AIM OF THE TASK: Wherever an image appears in the data, omit it and copy all the remaining text word for word.

Start of GIVEN INFORMATION

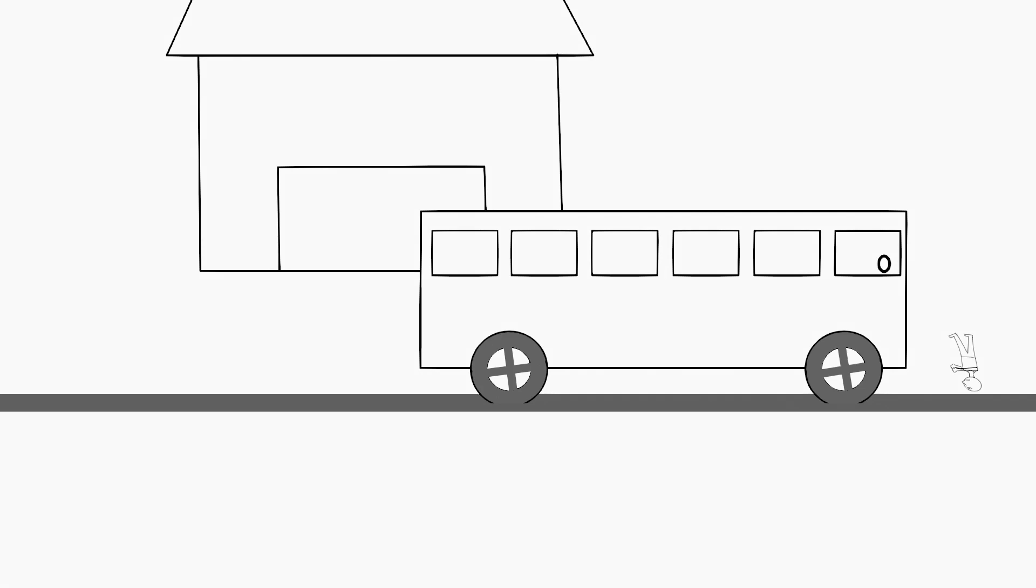Similarly, when the bus suddenly starts moving from rest, you will feel a backward force. The same reasoning can be applied in this case also.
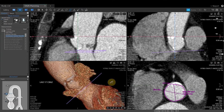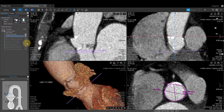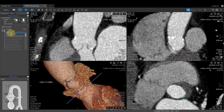Note that since the images have been obliqued on the MPRs, we no longer have a single purple line. To reset back to valve plane, click back on the valve plane measurement in the measurement list, then proceed to the next measurement.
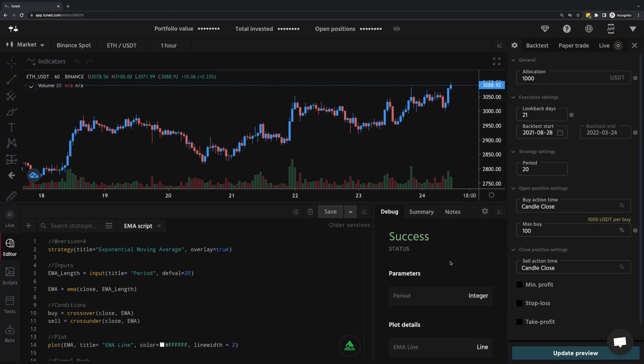Now that we've written our script for an exponential moving average, we can move on to simulating it with past data. This is called backtesting, and is accessed through what we call the Composer.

End of GIVEN INFORMATION

WRITTEN RESPONSE:
Similarly, when the bus suddenly starts moving from rest, you will feel a backward force. The same reasoning can be applied in this case also.
Note that since the images have been obliqued on the MPRs, we no longer have a single purple line. To reset back to valve plane, click back on the valve plane measurement in the measurement list, then proceed to the next measurement.
Now that we've written our script for an exponential moving average, we can move on to simulating it with past data. This is called backtesting, and is accessed through what we call the Composer.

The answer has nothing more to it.